FRIDAY, JANUARY 28, 2022
Full Coverage Auto Insurance: A Good Idea even if Your Vehicle Is Paid Off
Many individuals, once they get out from under their auto loans, are eager to reduce their monthly bills and set out to do so by reducing their auto insurance coverage. Because each state has a minimum amount of required insurance, but lenders require full coverage, the payoff of an auto loan results in vehicle owners being required to carry only the minimums requirements by their state—which can result in significant premium reductions.
Full coverage is required by lenders because they want to protect themselves from the risk of a loss due to an accident, theft, fire or other insurable incident that makes the car you borrowed money to buy, worthless. When you pay off your auto loan, the lender no longer has anything at risk and is no longer concerned with your vehicle—but now you have all the risk. Why should you be any less concerned about your vehicle’s retained value than your lender is?

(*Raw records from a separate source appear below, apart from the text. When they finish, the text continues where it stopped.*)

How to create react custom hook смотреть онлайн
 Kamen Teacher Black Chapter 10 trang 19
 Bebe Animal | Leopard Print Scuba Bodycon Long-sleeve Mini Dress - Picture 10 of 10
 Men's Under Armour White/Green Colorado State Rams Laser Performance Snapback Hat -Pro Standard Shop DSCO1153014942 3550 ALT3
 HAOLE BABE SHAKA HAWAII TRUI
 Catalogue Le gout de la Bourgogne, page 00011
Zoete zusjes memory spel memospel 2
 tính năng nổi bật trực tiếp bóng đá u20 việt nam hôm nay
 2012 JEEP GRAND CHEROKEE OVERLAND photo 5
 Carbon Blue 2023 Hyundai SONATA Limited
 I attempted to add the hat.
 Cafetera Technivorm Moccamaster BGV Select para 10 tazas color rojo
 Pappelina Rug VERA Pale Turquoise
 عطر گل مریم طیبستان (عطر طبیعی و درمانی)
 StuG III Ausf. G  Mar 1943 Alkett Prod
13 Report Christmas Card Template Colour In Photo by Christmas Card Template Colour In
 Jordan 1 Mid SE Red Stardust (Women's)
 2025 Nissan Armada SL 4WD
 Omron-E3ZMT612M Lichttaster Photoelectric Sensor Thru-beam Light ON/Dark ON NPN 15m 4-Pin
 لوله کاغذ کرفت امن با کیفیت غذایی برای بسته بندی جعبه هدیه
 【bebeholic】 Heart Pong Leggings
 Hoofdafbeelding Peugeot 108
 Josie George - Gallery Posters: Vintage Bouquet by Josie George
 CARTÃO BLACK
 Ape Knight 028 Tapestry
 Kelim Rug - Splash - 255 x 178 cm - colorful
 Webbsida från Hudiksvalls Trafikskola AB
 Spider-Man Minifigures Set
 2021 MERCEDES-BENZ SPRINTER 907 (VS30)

Full coverage protects you from a total loss of asset value in the event of a stolen or vandalized vehicle, a flood or other insurable incident. If you consider the cost of the monthly premium for full coverage versus the cost of replacing your vehicle with a new one after an insurable incident, you can see just how helpful that extra protection is.
Sometimes, it’s not just about having the extra protection so much as being made whole quickly after a loss so that you have minimal interruption in your daily life. If it would be difficult for you to replace or repair your car without the insurance benefits that full coverage offers, then you can appreciate even more just how necessary this coverage is—whether or not you still owe money on the auto loan.